Rz. 98

Auch wenn sich das Gesetz hierzu nicht explizit äußert, so ist die Veräußerlichkeit des Nacherbenanwartschaftsrechts heute gewohnheitsrechtlich anerkannt.[130] Folglich kann der Nacherbe bereits vor Eintritt des Nacherbfalls über seine Anwartschaft verfügen. Dies kann dazu führen, dass der Nacherbe seine Rechte aus der Nacherbschaft abtritt bzw. veräußert und der Nachlass möglicherweise auf diesem Wege an den früheren Ehegatten fällt.

 

Rz. 99

Die Übertragung des Anwartschaftsrechts des Mitnacherben ist gem. § 2033 BGB unproblematisch.[131] Aber auch die Übertragung des Anwartschaftsrechts des Alleinnacherben erfolgt in entsprechender Anwendung des § 2033 Abs. 1 BGB als Gesamtverfügung.[132] Zur Übertragung ist in entsprechender Anwendung des § 2033 BGB notarielle Beurkundung erforderlich. Zur Übertragung der Nacherbenanwartschaft bedarf der Nacherbe aber nicht der Mitwirkung des Ersatznacherben.[133] Sie wirkt ihm gegenüber aber auch nicht. Der schuldrechtliche Veräußerungsvertrag über das Anwartschaftsrechts des Nacherben richtet sich nach den §§ 2371 ff. BGB.

Etwas anderes kann auch nicht gelten, wenn die Erben des Vorerben als Nacherben eingesetzt werden. Die Nacherben sind unter der aufschiebenden Bedingung berufen, dass sie Erben des Vorerben werden. Somit erwerben die Erben des Vorerben mit dem ersten Erbfall ein Anwartschaftsrecht aus einer aufschiebend bedingten Nacherbenberufung. Auch ein solches Anwartschaftsrecht ist übertragbar.[134] Auch § 2108 Abs. 2 S. 2 BGB steht der Übertragbarkeit eines Anwartschaftsrechts aus einer aufschiebend bedingten Nacherbeneinsetzung nicht entgegen. § 2108 Abs. 2 BGB betrifft ausschließlich die Frage der Vererblichkeit der Erbenstellung und nicht die Frage der lebzeitigen Übertragung.

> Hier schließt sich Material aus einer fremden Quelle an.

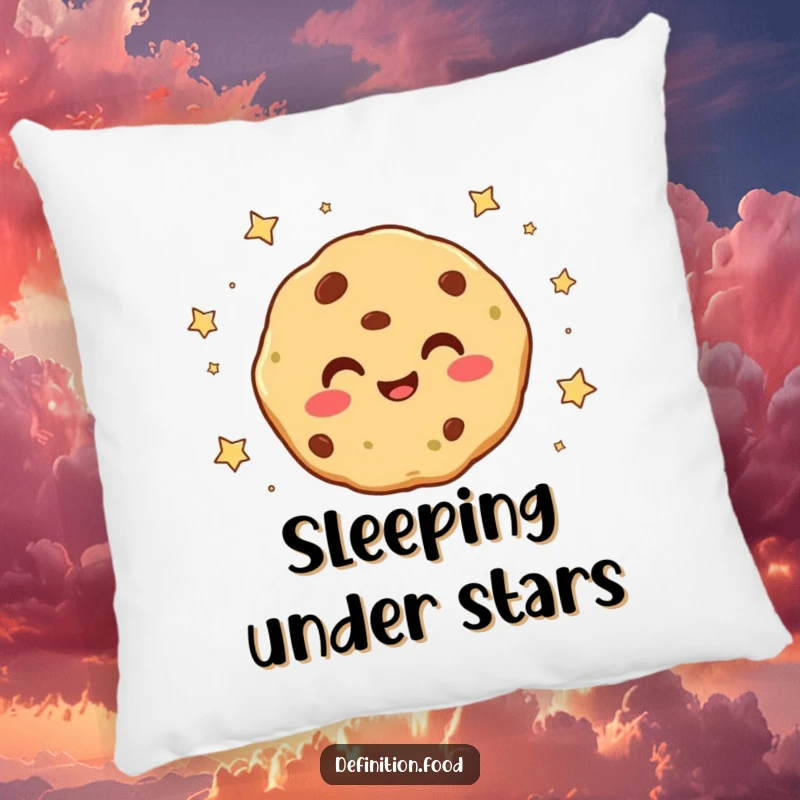 Funny smiling cookie character with tiny stars falling around it on a plush pillow, offering cozy comfort and magical vibes.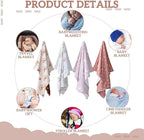 Tiamon 4 Pack Boho Rainbow Baby Blankets for Girl Boy Newborn Unisex Baby Quilts Boho Toddler Blanket Double Layer Dot Back 30 x 40 in Soft Gender Neutral Shower Gift Nursery Stroller
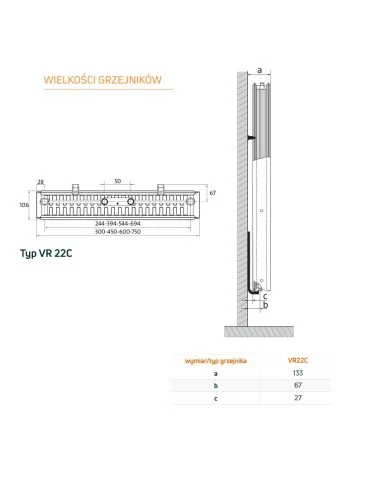 Grzejnik płytowy Vertical VR22C 1950X600 PURMO 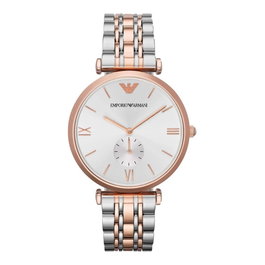Armani AR1677 montre unisexe avec boîtier rose et bracelet gris
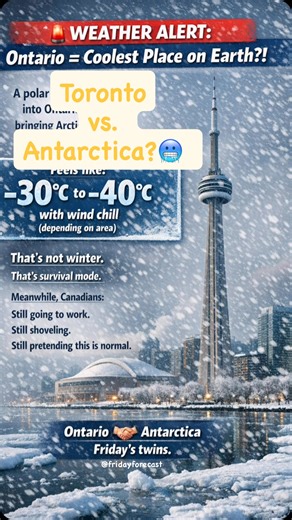 Amrit Dhillon on Instagram: "When a polar vortex decides to personally visit Ontario. ❄️ Extreme Arctic air = feels-like temperatures as low as -40°C. Winter in Canada is not for beginners. “Ontario weather alert: a polar vortex is hitting Toronto this Friday, bringing extreme cold and wind chills down to -40°C! 🥶 #ontarioweather #polarvertex #winterincanada #torontolife #canadalife"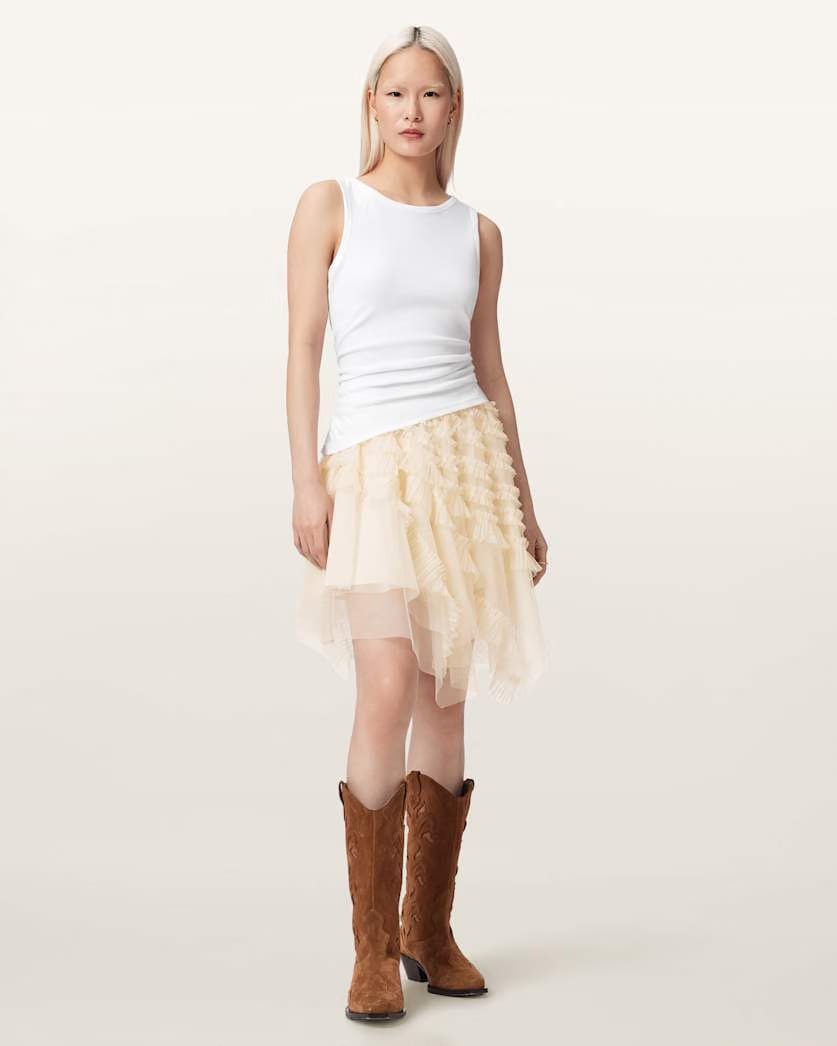 AllSaints Jayde Ruffled Tulle Mini Skirt Women's Blush Pink Women's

Das OLG Schleswig-Holstein hat klargestellt, dass der Nacherbe über sein Anwartschaftsrecht nach Eintritt des Erbfalls und vor Eintritt des Nacherbfalls zwar im Grundsatz frei verfügen kann. Die Übertragung des Anwartschaftsrechts auf den Vorerben oder einen Dritten lässt aber das Recht des eingesetzten Ersatznacherben im Grundsatz unberührt.[135] Der Erblasser kann aber bestimmen, dass die angeordnete Ersatznacherbfolge unter der auflösenden Bedingung der Übertragung des Nacherbenanwartschaftsrechts durch den Nacherben auf den Vorerben bzw. auf einen Dritten stehen soll.

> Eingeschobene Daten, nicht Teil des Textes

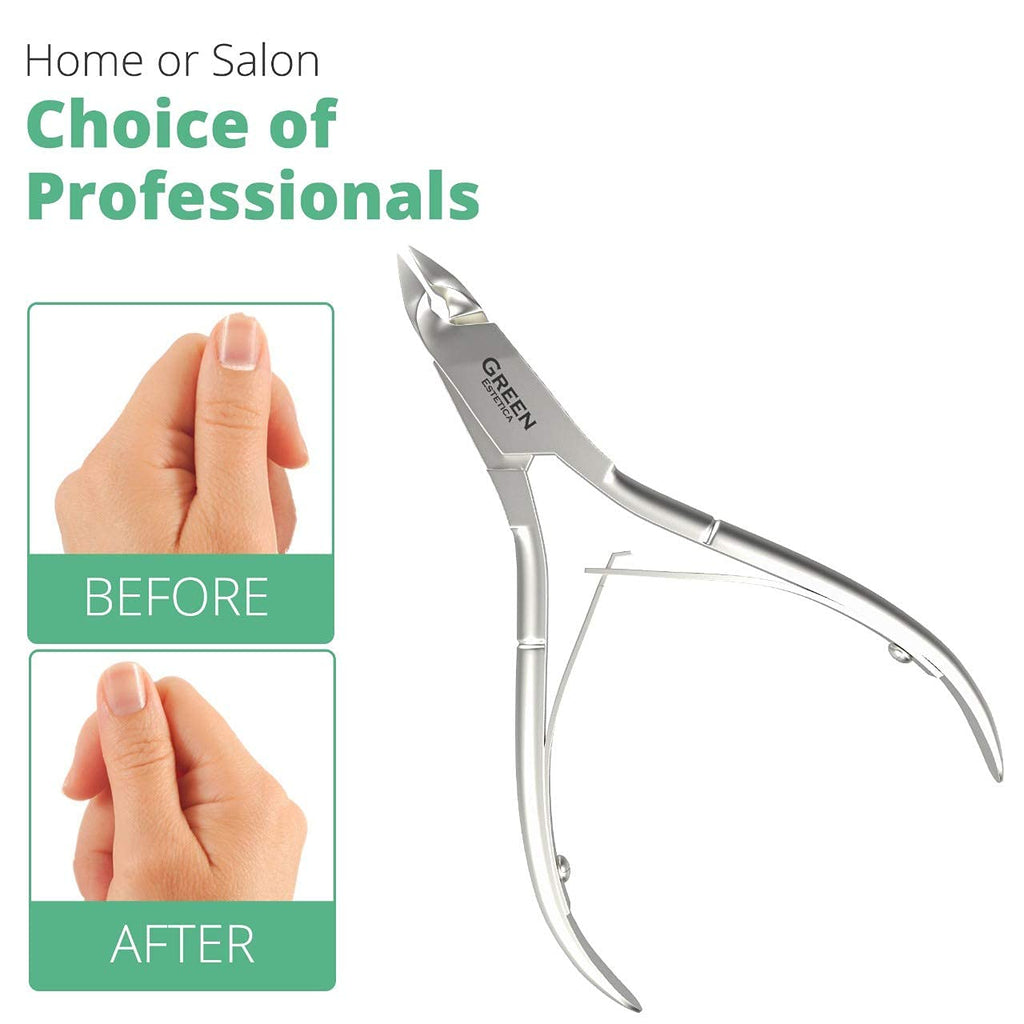 Professional Cuticle Trimmer & Nippers, Stainless Steel Nail Care Tool | Sharp Blades, Cuticle Pusher, Double Spring, Cuticle Nippers, Nail Care Tool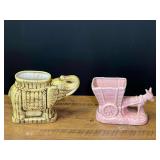 Vintage pink ceramic donkey and cart planter, believed to be vintage McCoy, also includes a vintage elephant planter. See pictures for details.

Trotz Übertragung des Nacherbenanwartschaftsrechts ist im Erbschein nicht der Erwerber, sondern der Nacherbe als Erbe auszuweisen.[136]

[130] RGZ 101, 185, 191; 170, 163, 168; 139, 347; KG JW 1937, 1553; BGHZ 27, 319, 326; BGHZ 87, 367, 369; BayObLG NJW 1970, 1795.
[131] MüKo/Gergen, § 2033 Rn 6 (m.w.N.).
[132] Staudinger/Werner, 2033 Rn 11.
[133] RGZ 145, 316; OLG Köln NJW 1955, 633.
[134] RGZ 170, 163, 168; Grüneberg/Weidlich, § 2100 Rn 7.
[136] OLG Düsseldorf OLGZ 991, 134.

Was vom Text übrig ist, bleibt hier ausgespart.